(Image-text web data)
==*==

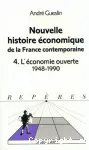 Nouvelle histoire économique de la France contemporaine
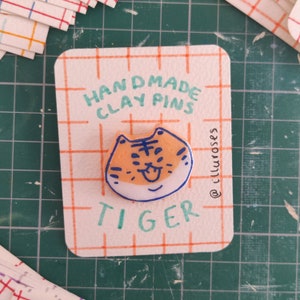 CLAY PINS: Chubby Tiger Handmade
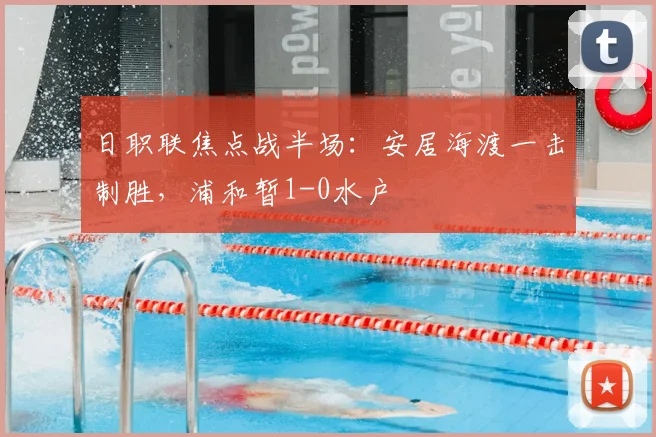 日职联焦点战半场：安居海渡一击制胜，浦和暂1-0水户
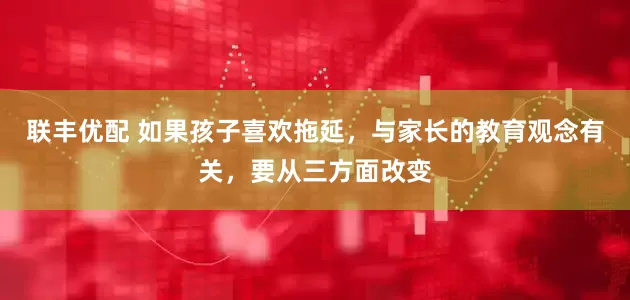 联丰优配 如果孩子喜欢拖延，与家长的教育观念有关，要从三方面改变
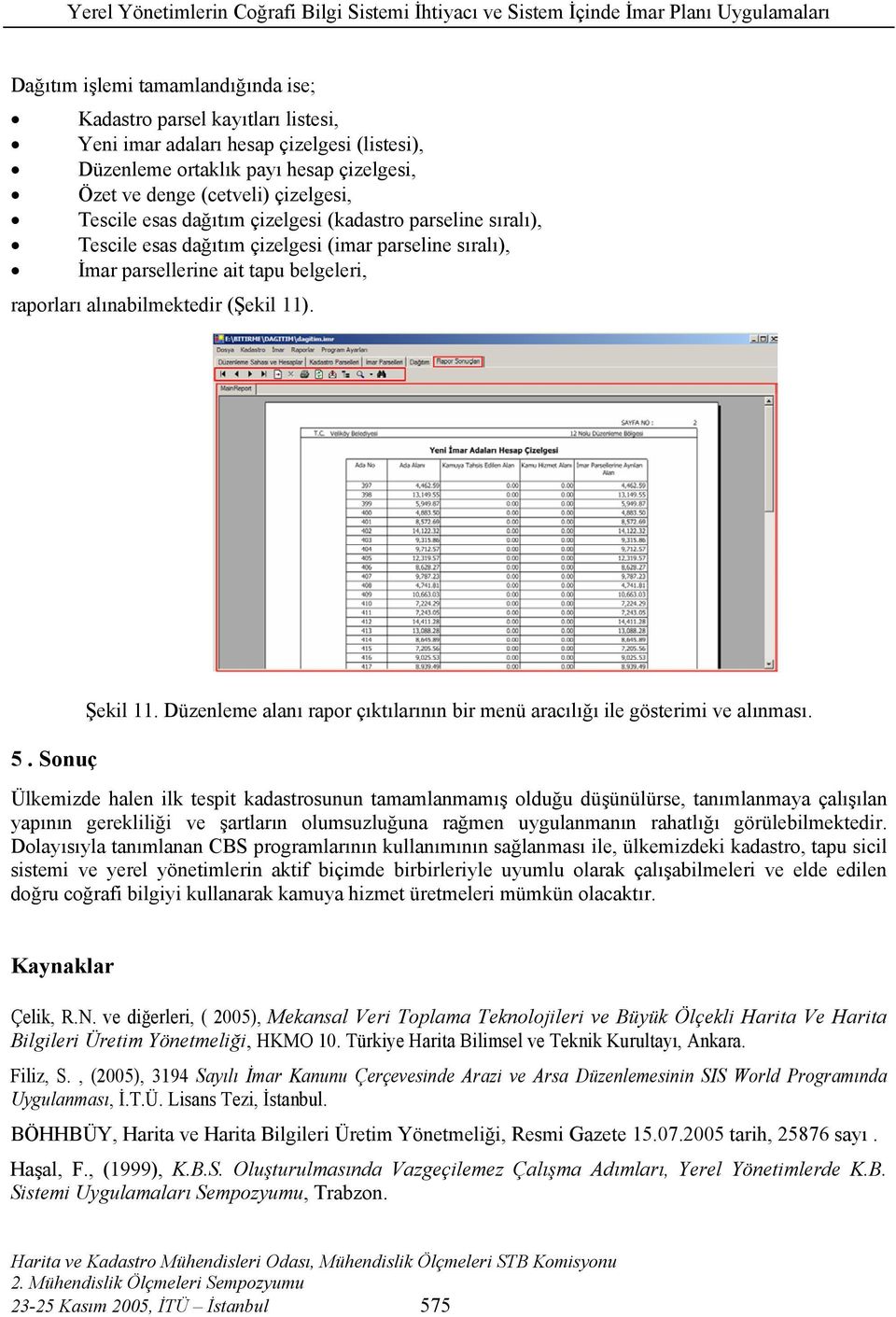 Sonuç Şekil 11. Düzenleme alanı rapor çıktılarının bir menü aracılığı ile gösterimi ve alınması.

==*==

WHAT YOU ARE ASKED TO DO:
Each line from the one holding "CLAY PINS: Chubby Tiger Handmade" down to the end of the records is to be reproduced unaltered, and the pictures are to be omitted.

WRITTEN SOLUTION:
 CLAY PINS: Chubby Tiger Handmade
 日职联焦点战半场：安居海渡一击制胜，浦和暂1-0水户
 联丰优配 如果孩子喜欢拖延，与家长的教育观念有关，要从三方面改变
 Sonuç Şekil 11. Düzenleme alanı rapor çıktılarının bir menü aracılığı ile gösterimi ve alınması.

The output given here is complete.